TRIBUNNEWS.COM, JAKARTA - Pengamat politik sekaligus Direktur Lingkar Madani (LIMA) Ray Rangkuti soroti putusan Mahkamah Konstitusi (MK) yang memisahkan pelaksanaan pemilu nasional dan daerah mulai 2029.
Menurutnya jeda waktu maksimal 2 tahun 6 bulan antara pemilu nasional dan daerah jadi polemik.
"Sebetulnya yang menjadi masalah itu sekarang, karena MK menyebutkan paling cepat 2 tahun, paling lambat 2 tahun 6 bulan," kata Ray dihubungi Jumat (27/6/2025).
Ditegaskannya aturan tersebut bermasalah. Hal itu dikatakannya karena bakal ada banyak Penjabat (Pj), sampai menunggu waktu pilkada daerah berlangsung.
"Jadi kalau diundur misalnya ke 2031. Ratusan daerah di Indonesia itu selama 2 tahun nggak ada itu yang namanya DPRD. Nggak ada juga yang namanya pemerintah daerah, itu riskan," jelasnya.
Menurutnya hal itu yang kurang dipikirkan oleh Mahkamah Konstitusi.
"Masa kita mengulangi Pj terus. 2024 semuanya Pj, 2031 Pj lagi," ungkapnya.
Ray menilai jangka waktu satu tahun sudah cukup seperti pemilu nasional dan pilkada sebelumnya.
"Seperti kemarin, setahun itu sudah cukup ideal sebetulnya. Menurut saya ini dibuat 2 tahun 6 bulan terlalu jauh," tandasnya
Diketahui Mahkamah Konstitusi (MK) memutuskan pelaksanaan pemilu nasional dan pemilu daerah tidak lagi digelar secara serentak dalam waktu yang bersamaan.
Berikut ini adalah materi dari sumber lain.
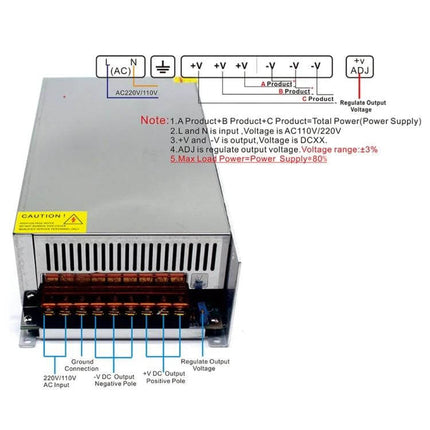 Reliable LED Light Bar Power Supply For Security Displays compact 12V DC mains-to-12V aluminum housing with terminal outputs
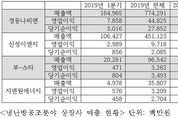 냉난방공조·신재생 상장기업 1분기 실적은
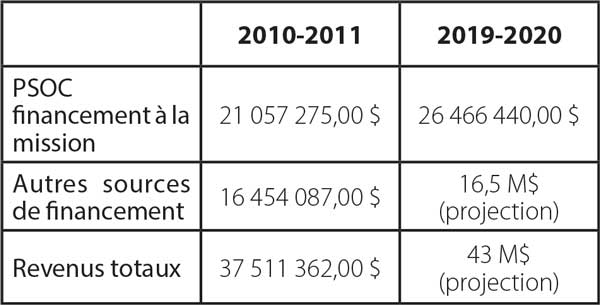 Marché immobilier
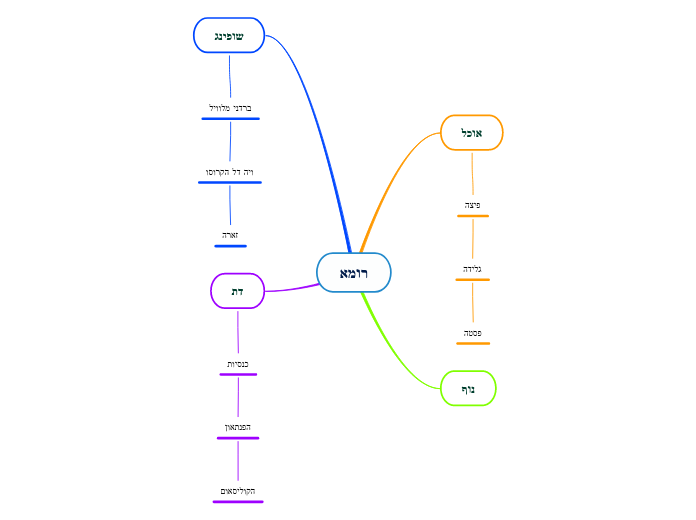 רומא - Mind Map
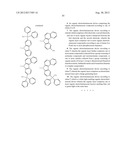 NOVEL ORGANIC ELECTROLUMINESCENT COMPOUNDS AND ORGANIC ELECTROLUMINESCENT     DEVICE USING THE SAME diagram and image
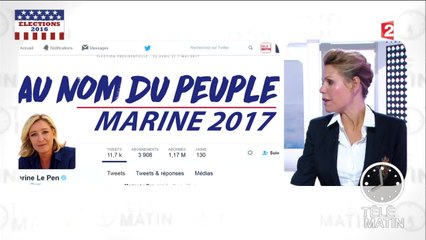 Les réseaux sociaux et la victoire de Donald Trump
Pemilu akan dibagi menjadi dua tahap, pemilu nasional dan pemilu lokal dengan jeda maksimal dua tahun atau paling lama dua tahun enam bulan sejak pelantikan.
Putusan itu dibacakan dalam sidang perkara Nomor 135/PUU-XXII/2024 di Gedung MK, Jakarta, Kamis (26/6/2025).
Secara teknis, pemilu nasional akan mencakup pemilihan presiden dan wakil presiden, anggota DPR RI, dan DPD RI.
Sementara itu, pemilu lokal akan mencakup pemilihan gubernur dan wakil gubernur, bupati dan wakil bupati, wali kota dan wakil wali kota, serta anggota DPRD provinsi dan kabupaten/kota.
MK menyatakan bahwa pelaksanaan serentak dalam satu waktu untuk seluruh jenis pemilu menimbulkan banyak persoalan, seperti beban berat penyelenggara pemilu, penurunan kualitas tahapan, serta kerumitan logistik dan teknis.
“Terutama berkaitan dengan kemampuan untuk mempersiapkan kader partai politik dalam kontestasi pemilihan umum,” kata Hakim Konstitusi Arief Hidayat.
MK menilai ketentuan dalam Pasal 167 ayat (3) dan Pasal 347 ayat (1) UU Pemilu, serta Pasal 3 ayat (1) UU Pilkada, bertentangan dengan UUD 1945 jika dimaknai sebagai kewajiban melaksanakan seluruh pemilu pada waktu yang sama.
Karena itu, MK memberi penafsiran baru bahwa pemungutan suara dilakukan dalam dua tahap: pertama untuk pemilu nasional, lalu beberapa waktu setelahnya untuk pemilu lokal.
Norma-norma lain terkait teknis pelaksanaan pemilu juga wajib disesuaikan dengan penafsiran baru MK tersebut.